Las hojas crujientes y deliciosas bajo mis pies se lamentan, se quejan, le cantan al otoño.
El aire frío que se cuela en mi garganta, juega con mi cuerpo y lo hace temblar.
El fuego sagrado está intacto; aún con la carne algo corrompida y manchada de lodo, aún así las llamas se estiran y se encogen, y crepitando libremente me seducen.
Y yo que vagabundeo errante por el mundo como un pájaro con sus alas estiradas, flotando, acariciando diferentes vientos que traen consigo aromas en otro idioma.
Etérea y aleatoria…
Trato frecuentemente de abrir esa puerta cósmica y saltar al vacío sabiéndome alada, sin posibilidades de caer, pero no logro dar con mi coraje y me escabullo avergonzada.
Así es como, aleteando por el cosmos, un día la encontré.
Quieta junto a un árbol, concentrada, contando hormigas.
Se ofuscó al verme (hice que perdiera la cuenta).
Me disculpé y me senté a su lado.
Inmersas las dos en un silencio delicioso, pude entenderla sin palabras.
Aquella niña castaña con ojos color pantano, olía a flores frescas y sentí mi rostro salpicado de su humedad nutricia y bendita.
Sentarme junto a ella me transportó casi de inmediato a mi infancia y a un devenir de recuerdos vívidos y ricos.
Con sus dedos dibujaba burbujas en el aire y dentro de ellas aparecía un pedazo de mí embebida en un entrañable recuerdo.
Así, me recordé sentada en los enormes bancos de madera oscura de la parroquia de Nuestra Señora de la Misericordia.
Sola.
Con las manitas sudorosas sobre mi libro de oraciones, rodeada del zumbido de rezos perdidos y anónimos que se interrumpían con los toscos ruidos de unas revoltosas niñas que detrás de mí, se empujaban, tropezaban, reían.
Mis ojos estaban, de momento, cerrados y ajustados, como si con ellos apiñados pudiera conciliar esa fe inocente que olía a mirra e incienso.
De a ratos, me encontré espiando con desconfianza la trastienda del altar en busca de los innumerables fantasmas que la habitaban.

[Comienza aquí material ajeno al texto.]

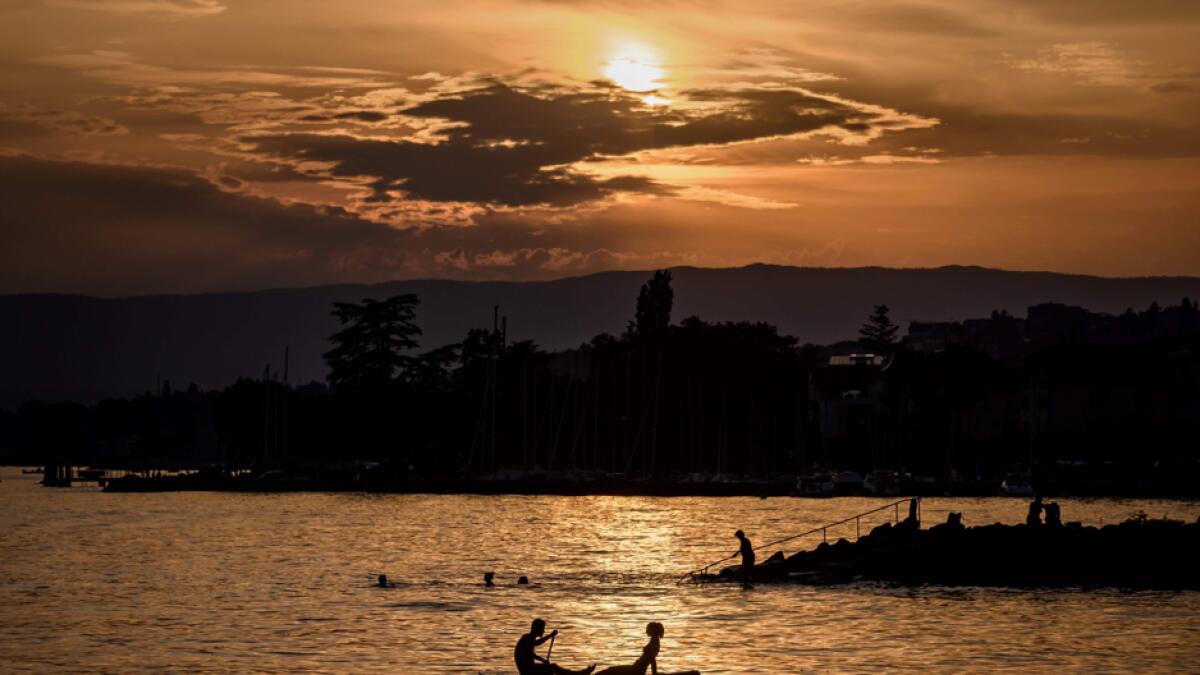 The silhouette of a couple is seen during a sunset as they sit on a paddleboard in the Lake Geneva off the village of Lutry, western Switzerland as heatwave sweeps across Europe. Photo: AFP
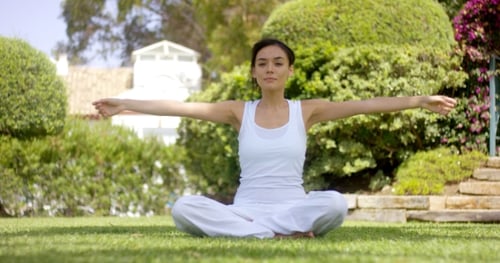 Woman Meditating, Stretching in Green Garden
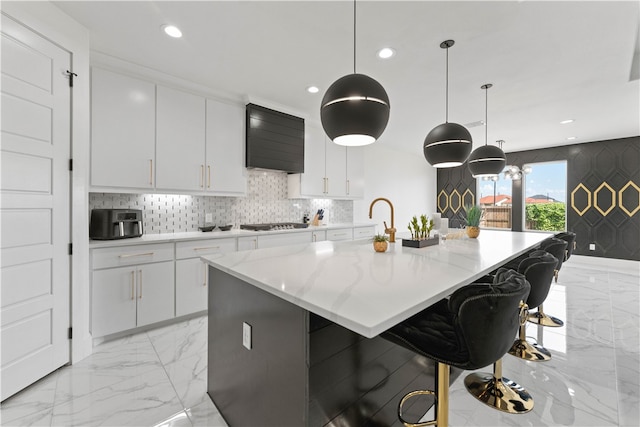 kitchen with white cabinets, a large island, a breakfast bar, light stone countertops, and pendant lighting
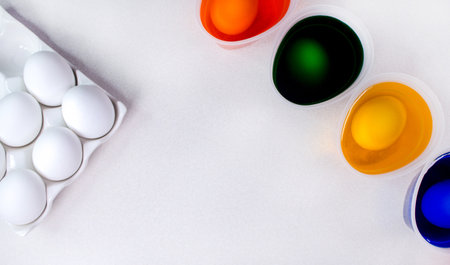 Tools for painting eggs for easter, eggs box, cups of colorful paint, easter eggs, plate, brushes and paints on the table side view.の写真素材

Sólo encontraba nuevamente paz y consuelo con la imagen de la virgen de la Misericordia que se erguía benévola sobre todos nosotros y Juan Bota, en rodillas, venerándola en el preciso acto de su aparición.
Las luces cálidas de las farolas sostenidas por ángeles nublaban mi vista hasta verlos sonreírme de lejos, inmutables, en un halo de quietud.
El dorado que brillaba con las luces convertía ese altar en una nube de luz cálida y atrapante, casi hipnótica, que seducía mis sentidos.
Desde afuera, se escuchaba una horda de pequeñas ruidosas, enloquecidas por las bondades del recreo de mitad de mañana, barullo que con el abrir y cerrar de la puerta lateral de la capilla llegaba a mí con fuerzas intermitentes sin dejar de irse jamás.
Así, perfecto, tranquilizador, como la felicidad misma suspendida en el aire.
Luego, repentino y doloroso, sonó el timbre que punzaba mis reflexiones para llamarme de vuelta a la realidad del aula y mis obligaciones escolares.
Cuando volví a la niña contadora de hormigas, ésta reía, traviesa y me miraba con infinita dulzura.
Como encontrando un canal abierto, todos los recuerdos de mi tierna edad volvieron a mi conciencia a borbotones, acariciándome el alma, estallando burbujas, de una por vez, todas.
Todos aquellos silencios coronados de historias y fantasías, visitados por duendes y hadas, bailando juntos.
Todos juntos, merendando en el altillo mágico de aquella casa, estallando en carcajadas.
Todos volvieron para quedarse y colarse de tanto en tanto en mi rutina adulta, respondiendo a mis suspiros, para lavarle la cara con frescos óleos y pintarle cada tanto una nariz colorada.